> _What you will do_:
Copy, exactly as written, the lines that begin at the one containing "Image 1 of Vintage" and end at the one containing "Venom and Carnage". Skip any pictures in the data below.

> _Supplied material_:
──────────
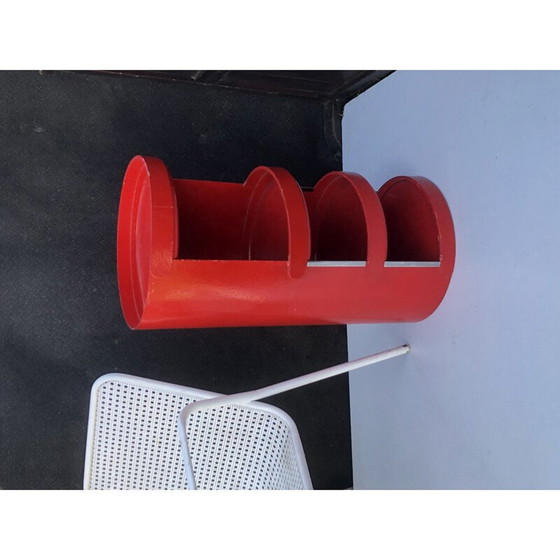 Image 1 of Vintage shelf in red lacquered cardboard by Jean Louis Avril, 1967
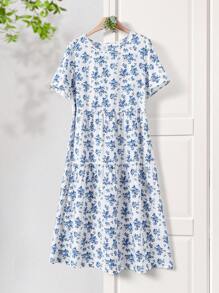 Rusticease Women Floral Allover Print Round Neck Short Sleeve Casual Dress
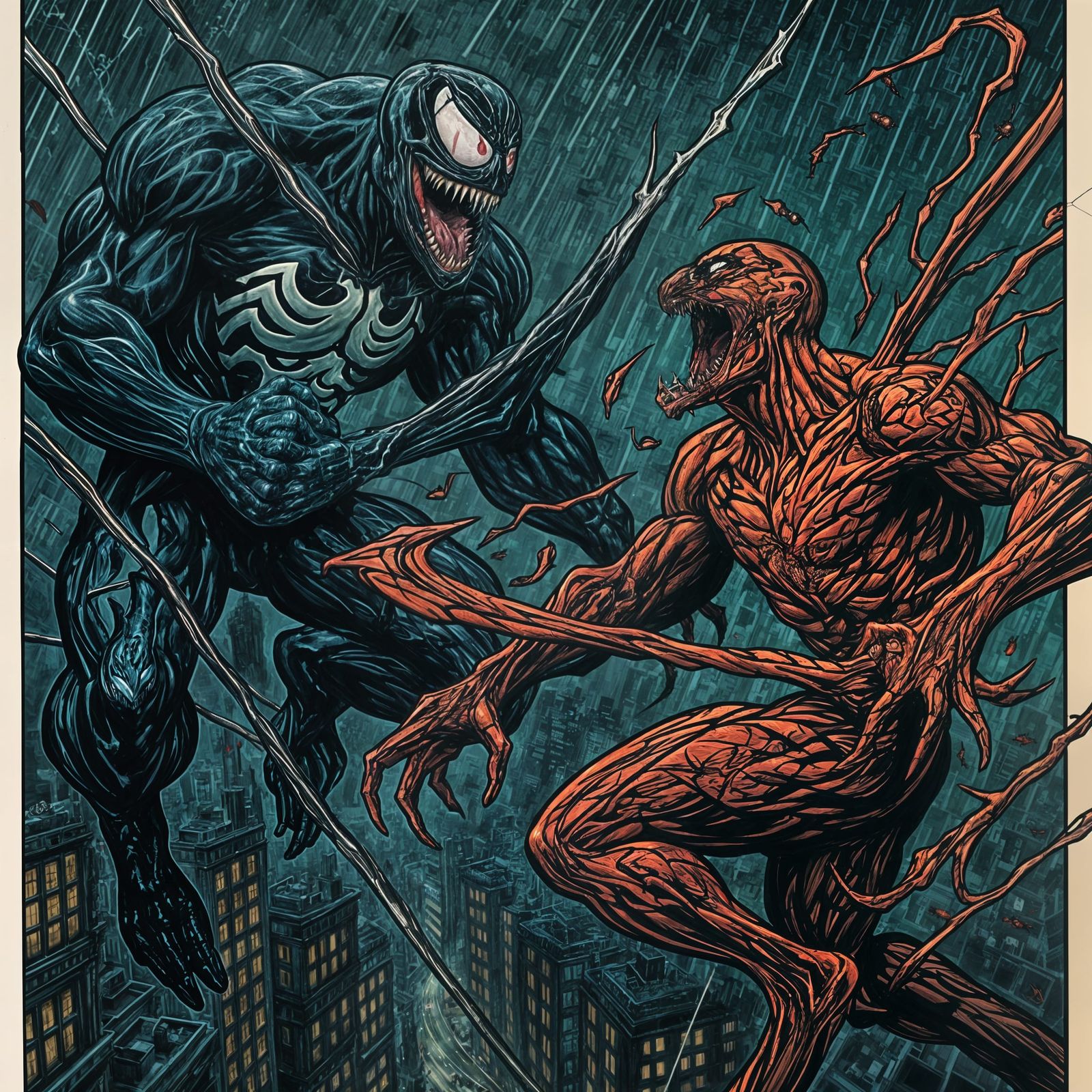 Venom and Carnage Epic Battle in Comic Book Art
──────────
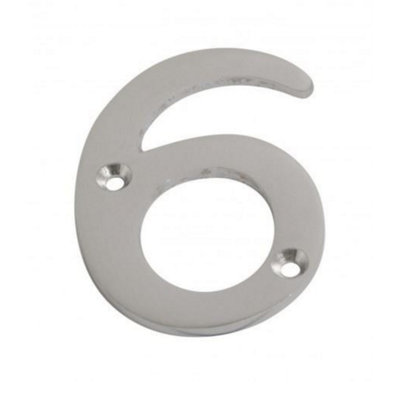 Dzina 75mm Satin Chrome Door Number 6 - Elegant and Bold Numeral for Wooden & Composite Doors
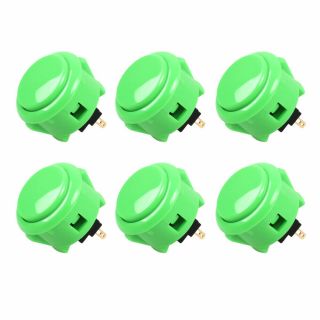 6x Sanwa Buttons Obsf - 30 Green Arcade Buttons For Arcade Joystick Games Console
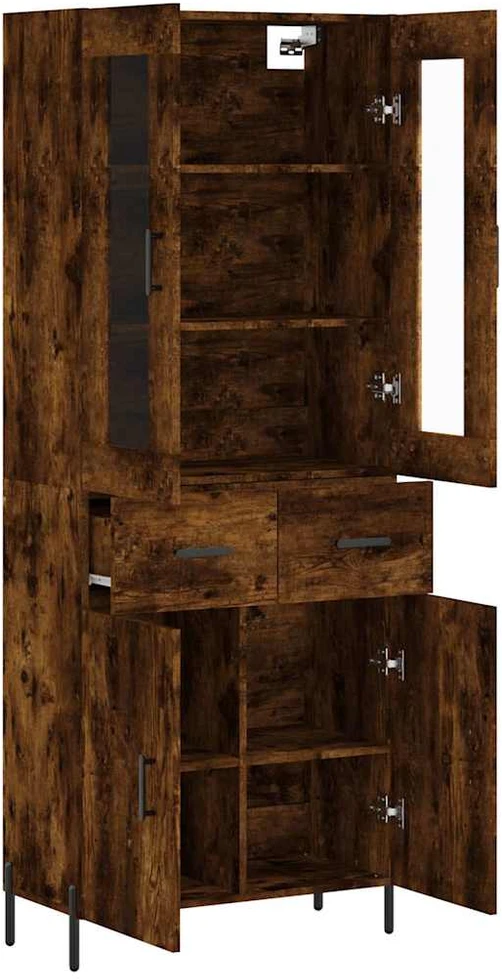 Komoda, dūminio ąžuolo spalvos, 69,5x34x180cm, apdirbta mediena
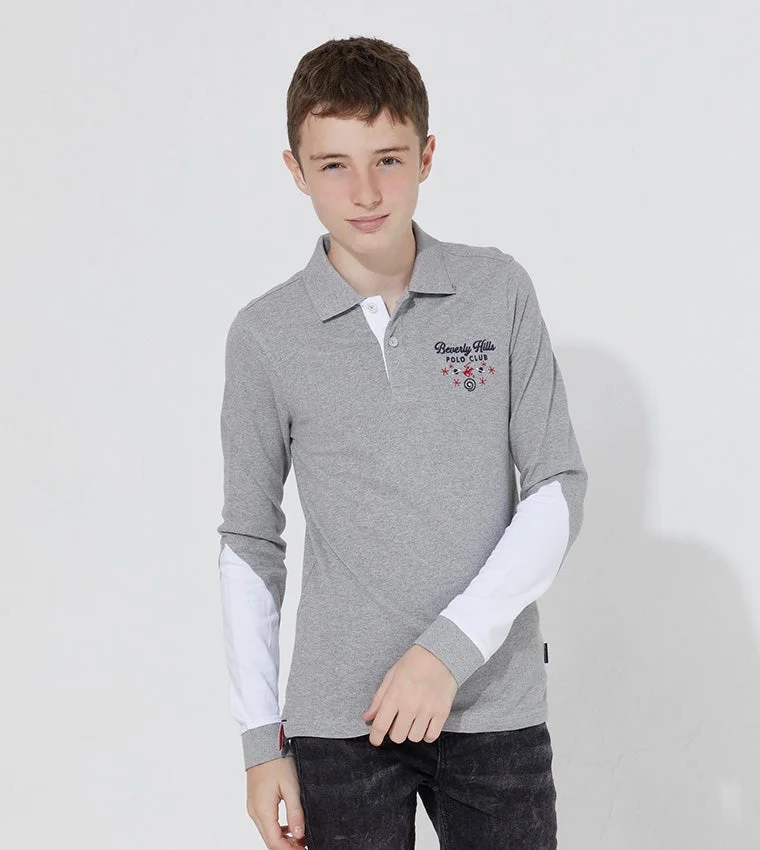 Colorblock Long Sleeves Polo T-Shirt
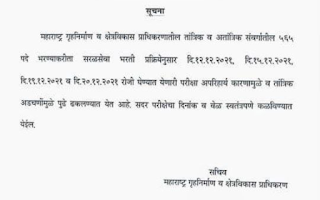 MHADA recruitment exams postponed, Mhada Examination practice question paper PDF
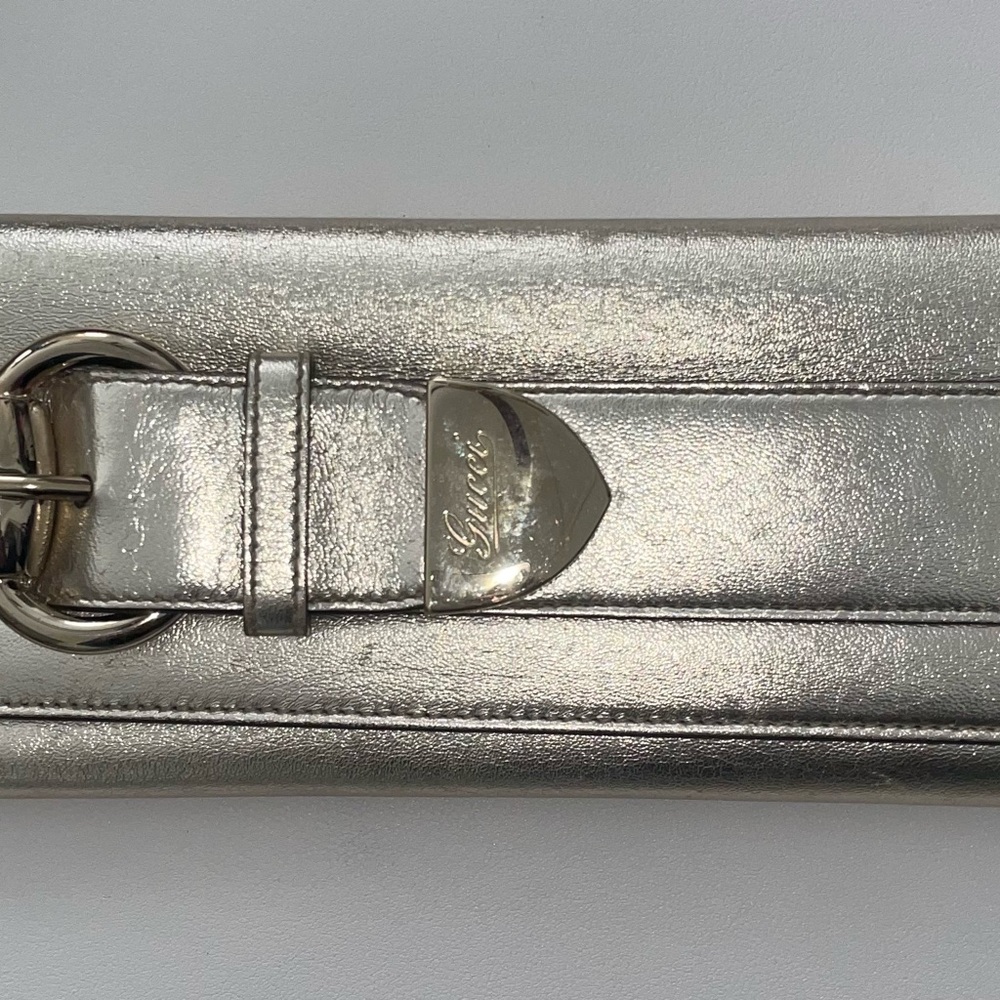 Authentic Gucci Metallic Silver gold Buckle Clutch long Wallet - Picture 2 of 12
──────────
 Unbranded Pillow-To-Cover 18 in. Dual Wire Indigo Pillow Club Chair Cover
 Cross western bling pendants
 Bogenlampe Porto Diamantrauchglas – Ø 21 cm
──────────
> _Reply to the exercise_:
 Image 1 of Vintage shelf in red lacquered cardboard by Jean Louis Avril, 1967
 Rusticease Women Floral Allover Print Round Neck Short Sleeve Casual Dress
 Venom and Carnage Epic Battle in Comic Book Art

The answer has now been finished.